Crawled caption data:
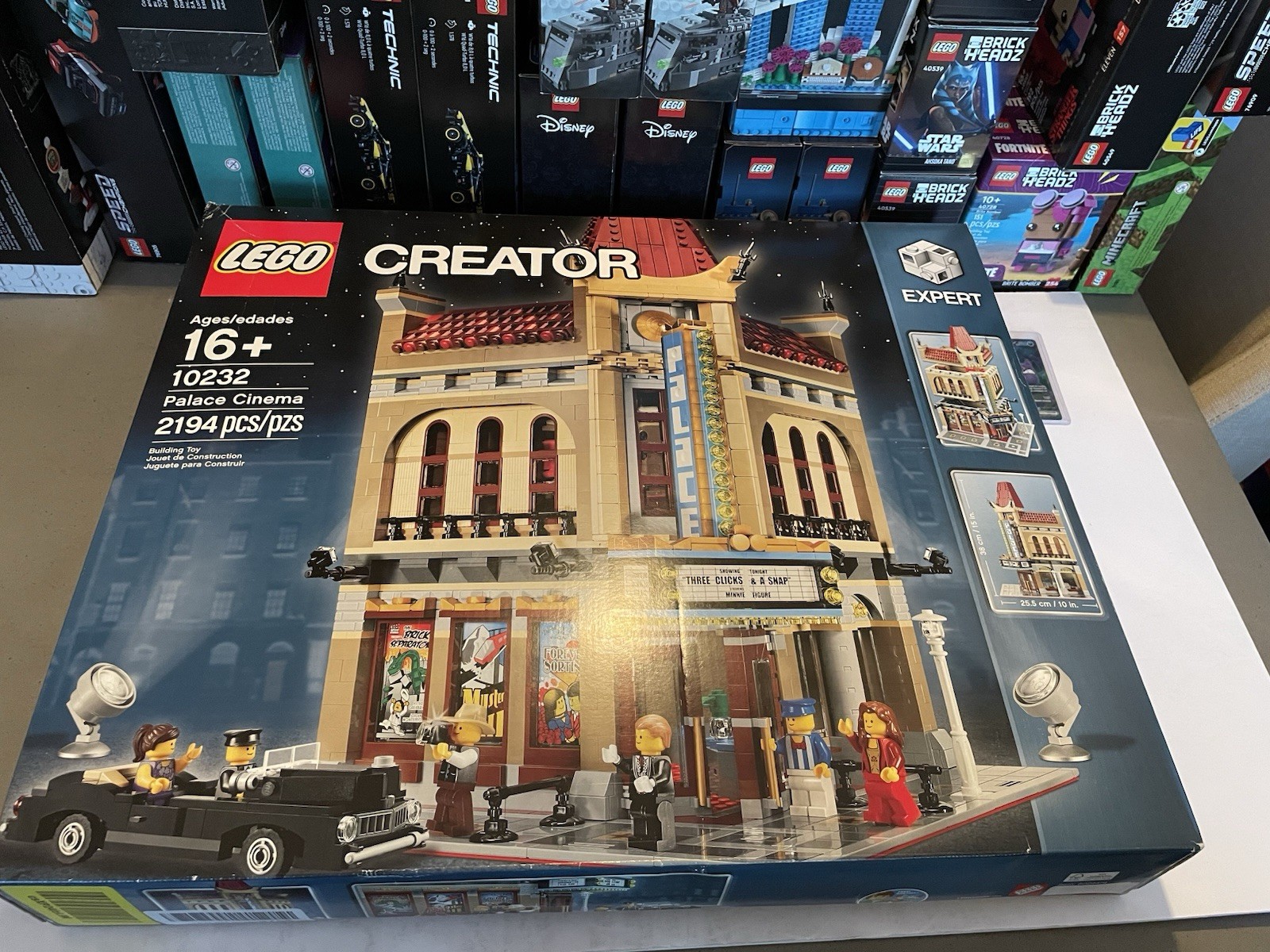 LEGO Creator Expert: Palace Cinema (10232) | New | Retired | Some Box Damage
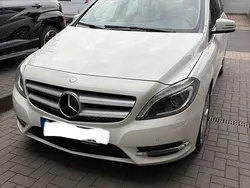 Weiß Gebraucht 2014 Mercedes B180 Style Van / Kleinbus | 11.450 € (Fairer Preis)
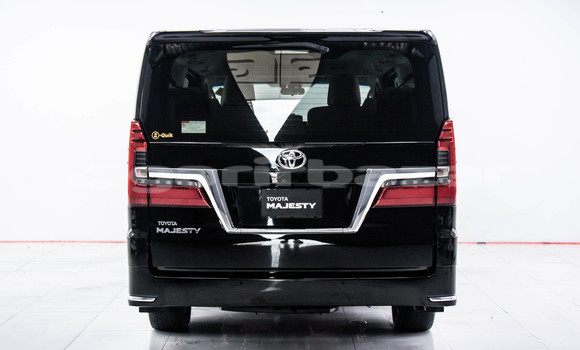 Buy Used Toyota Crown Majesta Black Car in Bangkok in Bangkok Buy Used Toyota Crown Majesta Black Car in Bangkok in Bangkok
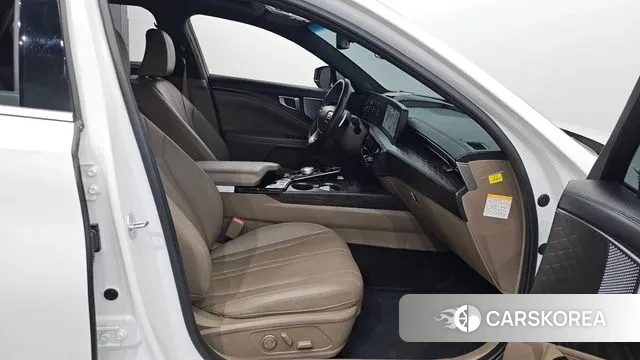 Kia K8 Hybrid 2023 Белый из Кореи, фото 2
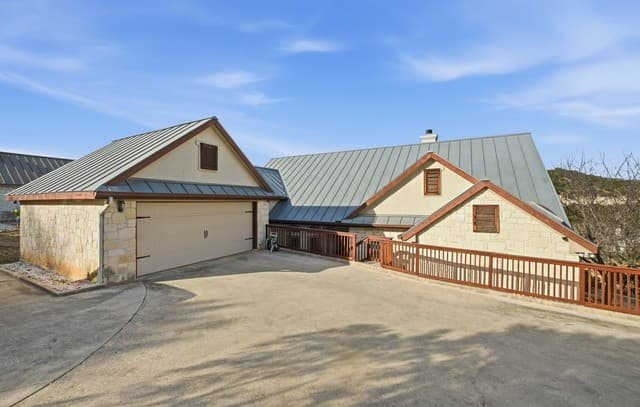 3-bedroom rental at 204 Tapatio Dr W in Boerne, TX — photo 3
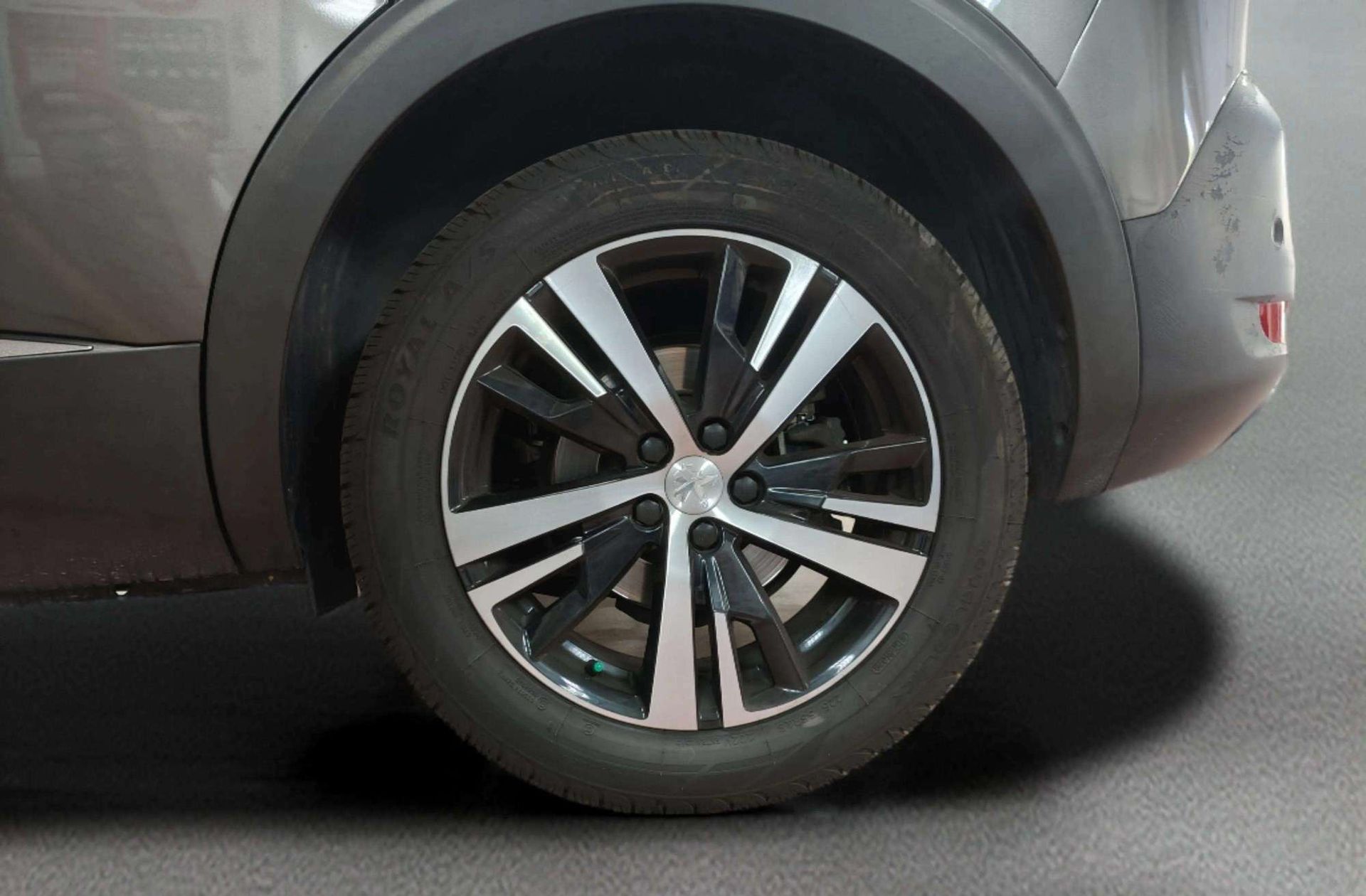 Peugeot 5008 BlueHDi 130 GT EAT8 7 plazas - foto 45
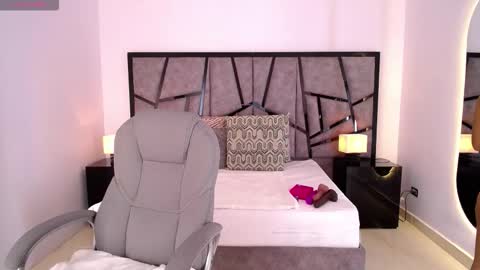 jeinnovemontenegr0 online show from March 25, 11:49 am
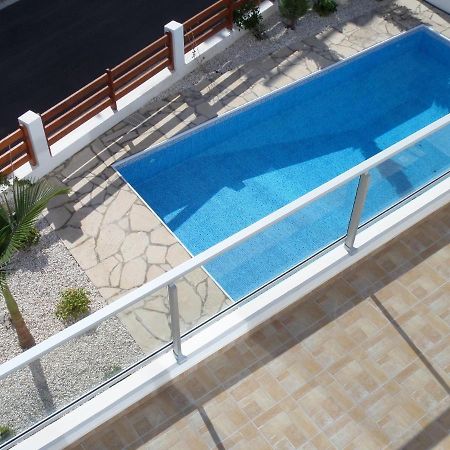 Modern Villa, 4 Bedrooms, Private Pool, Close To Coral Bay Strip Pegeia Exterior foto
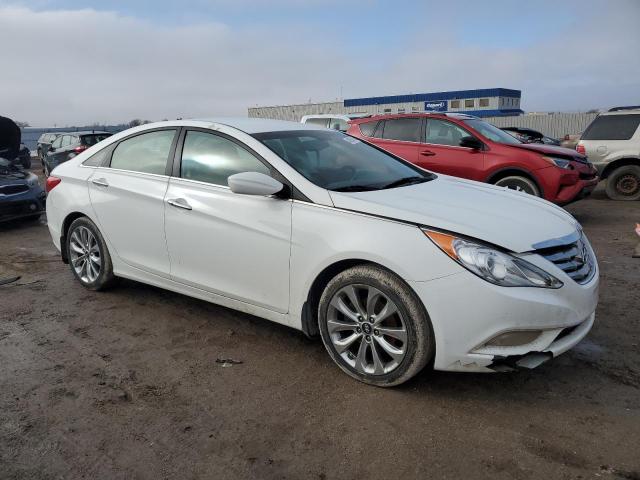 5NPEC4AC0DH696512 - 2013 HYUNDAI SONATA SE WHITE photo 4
...
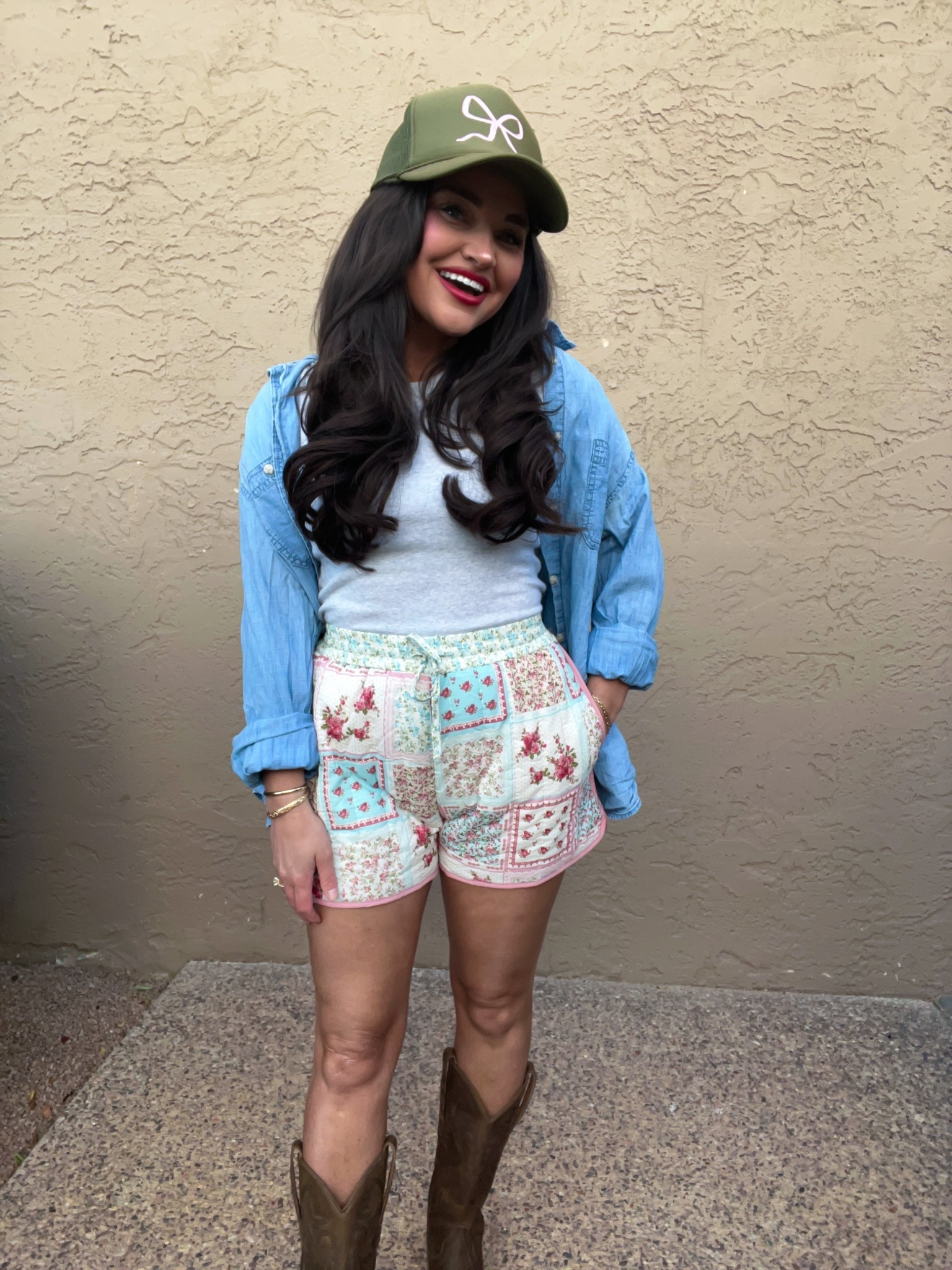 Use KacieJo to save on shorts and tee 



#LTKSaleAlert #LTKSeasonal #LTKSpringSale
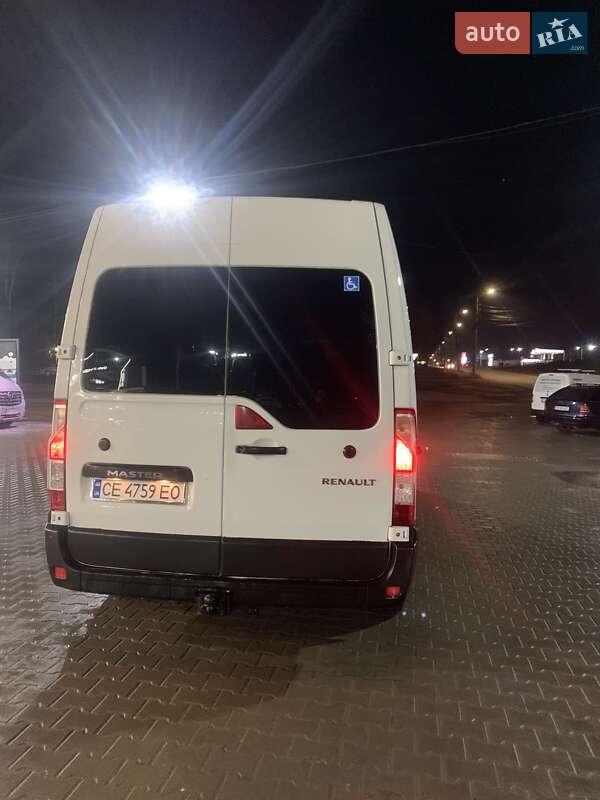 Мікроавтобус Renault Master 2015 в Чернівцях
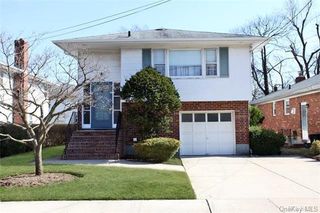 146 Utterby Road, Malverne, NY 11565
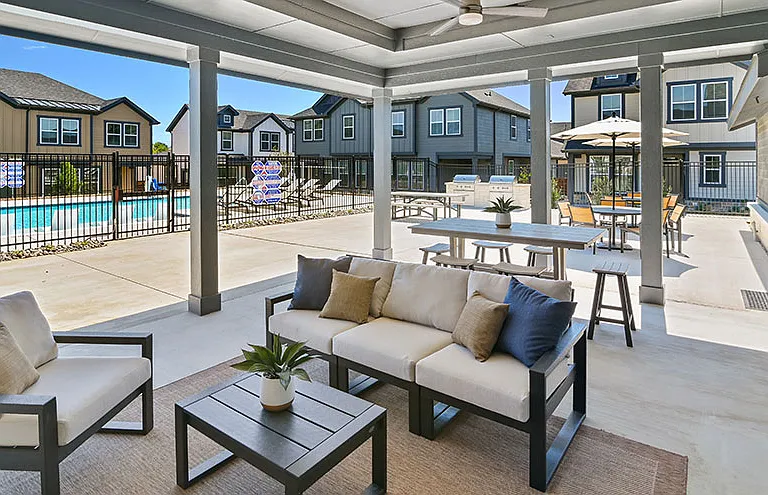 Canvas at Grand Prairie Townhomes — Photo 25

# BRIEF:
Give again, exactly as written above, each line from the one that has "Мікроавтобус Renault Master 2015 в Чернівцях" to the one that has "Canvas at Grand Prairie Townhomes — Photo 25", both included; omit the pictures.

# ANSWER AREA:
 Мікроавтобус Renault Master 2015 в Чернівцях
 146 Utterby Road, Malverne, NY 11565
 Canvas at Grand Prairie Townhomes — Photo 25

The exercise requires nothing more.